**TASK TO COMPLETE**.
Reproduce the records below exactly; no pictures.

Short descriptive text snippets:
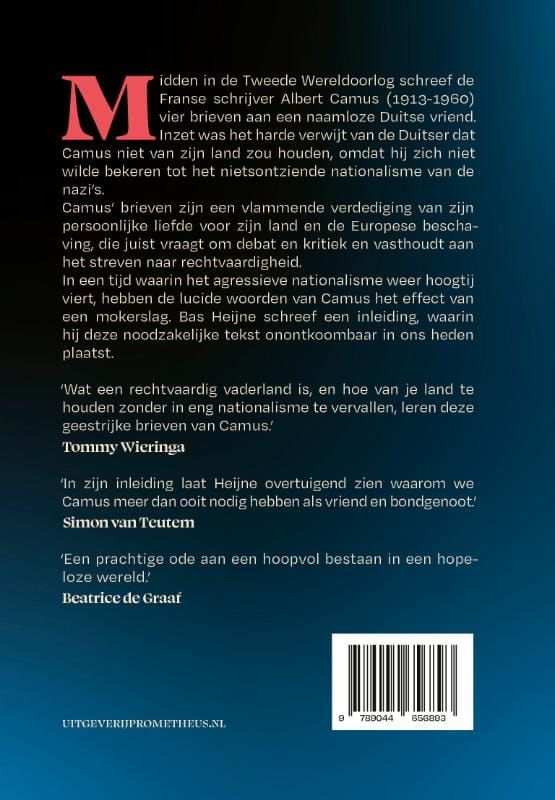 Albert Camus; Een hogere liefde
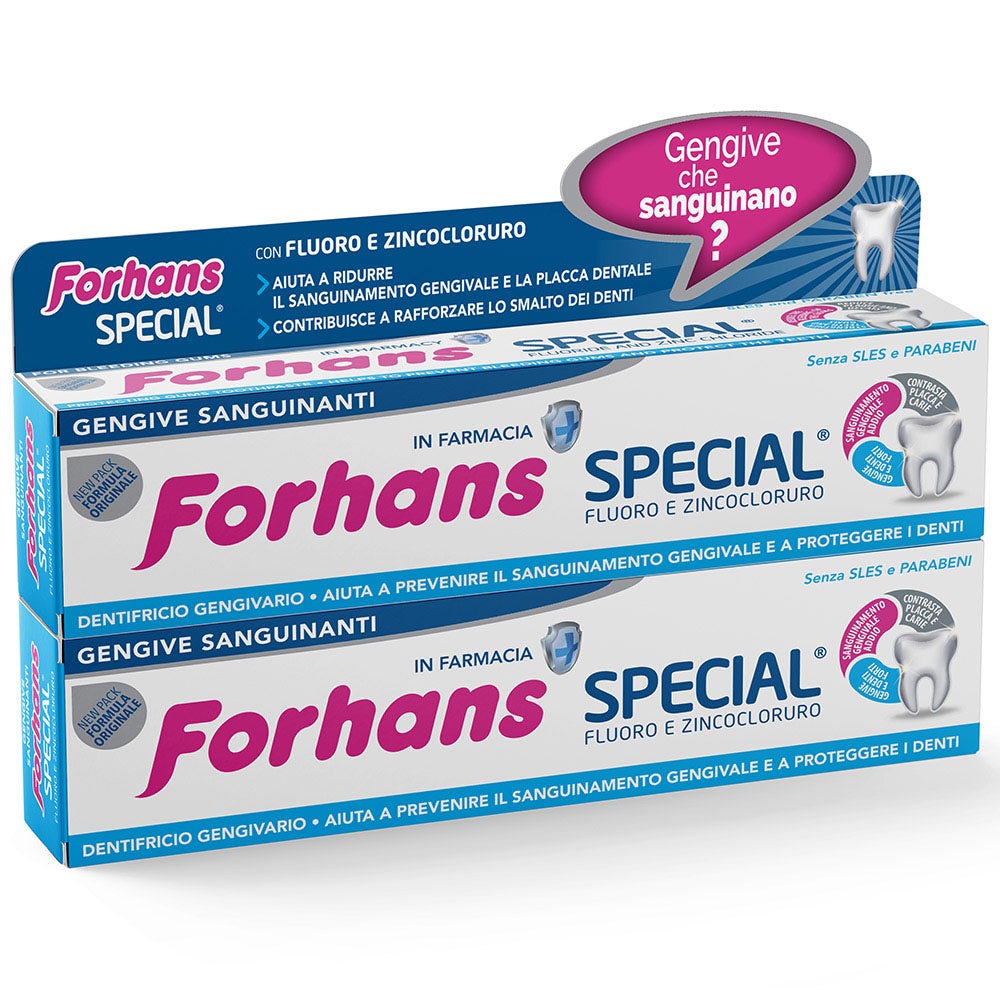 Forhans Pasta de dientes especial 2x75ml-2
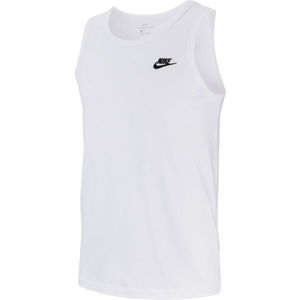 Nike NSW CLUB - TANK M Férfi ujjatlan póló, fehér, méret XL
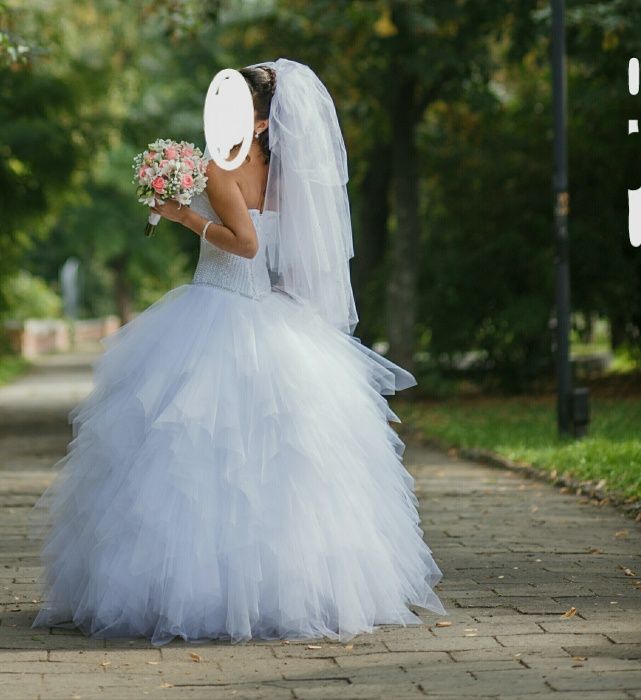 Продам свадебное платье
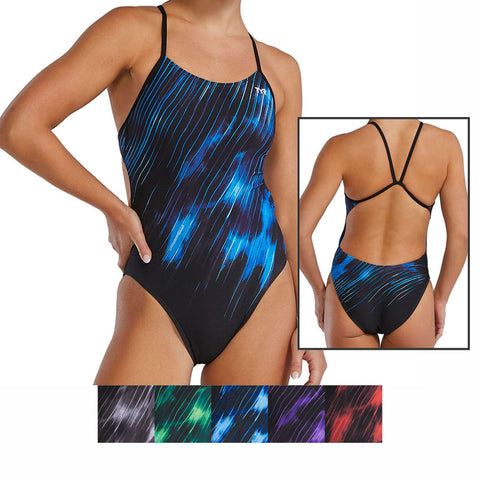 TYR Cycloid Cut-Out Back (1 Year)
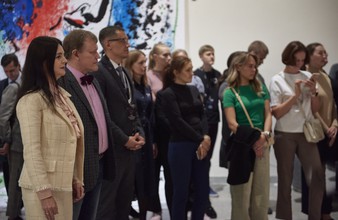 Новость Тюмени: Большое культурное событие: в Тюмени открыли выставку работ Марка Шагала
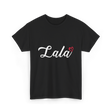 Lala Love Grandma Women T-Shirt - Black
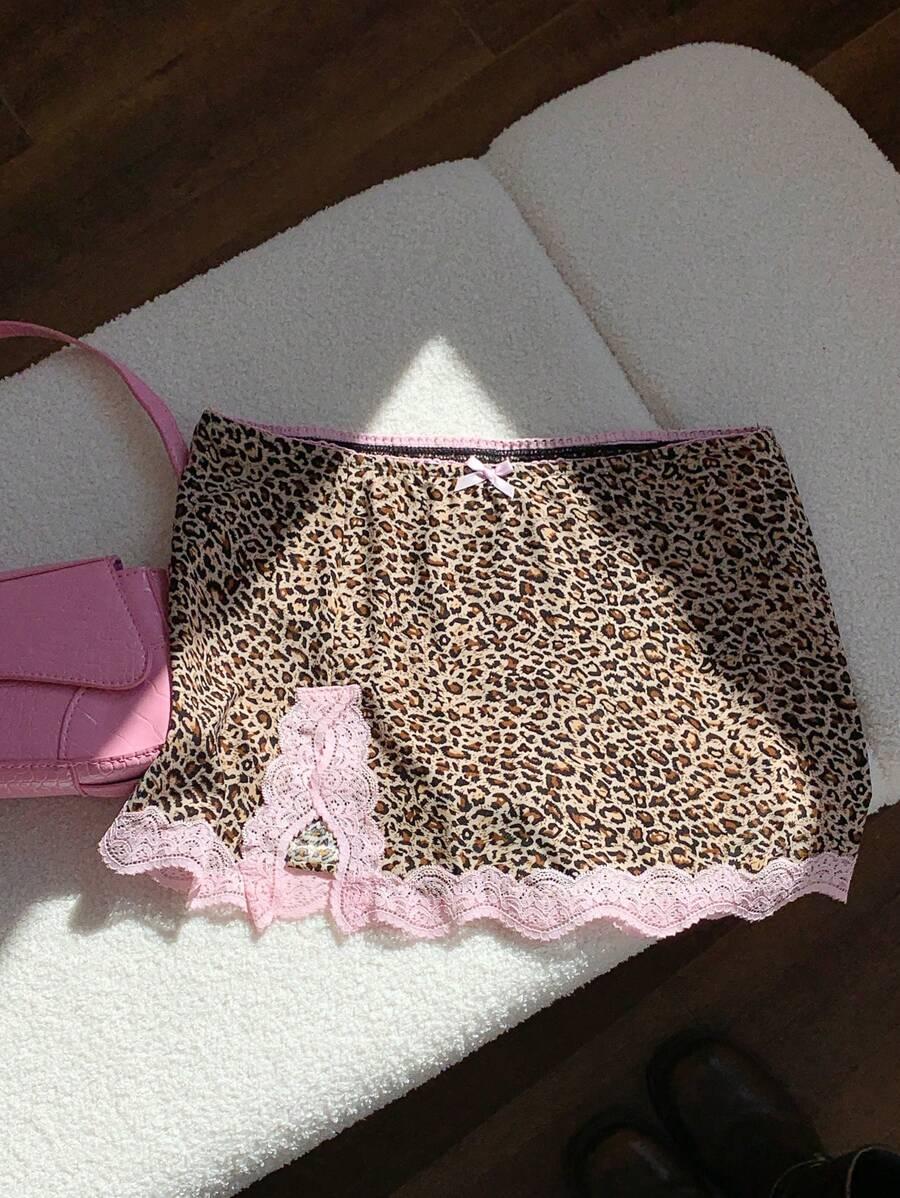 SPÓDNICO-SPODENKI ANIMAL PRINT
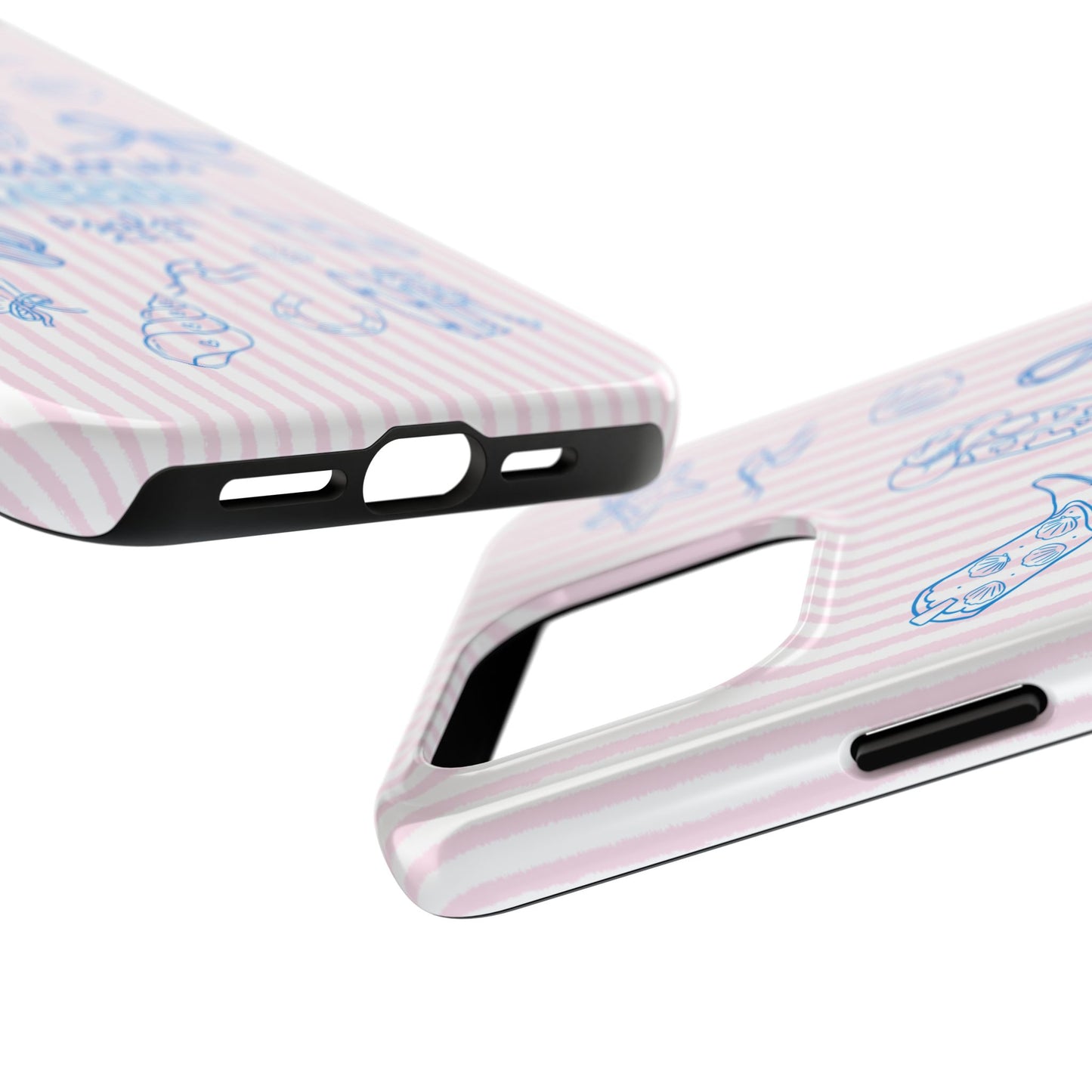Inspirational Tough Phone Case - 'He Restores My Soul' with Psalm 23:3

**OUTPUT OF THE TASK**.
 Albert Camus; Een hogere liefde
 Forhans Pasta de dientes especial 2x75ml-2
 Nike NSW CLUB - TANK M Férfi ujjatlan póló, fehér, méret XL
 Продам свадебное платье
 TYR Cycloid Cut-Out Back (1 Year)
 Новость Тюмени: Большое культурное событие: в Тюмени открыли выставку работ Марка Шагала
 Lala Love Grandma Women T-Shirt - Black
 SPÓDNICO-SPODENKI ANIMAL PRINT
Inspirational Tough Phone Case - 'He Restores My Soul' with Psalm 23:3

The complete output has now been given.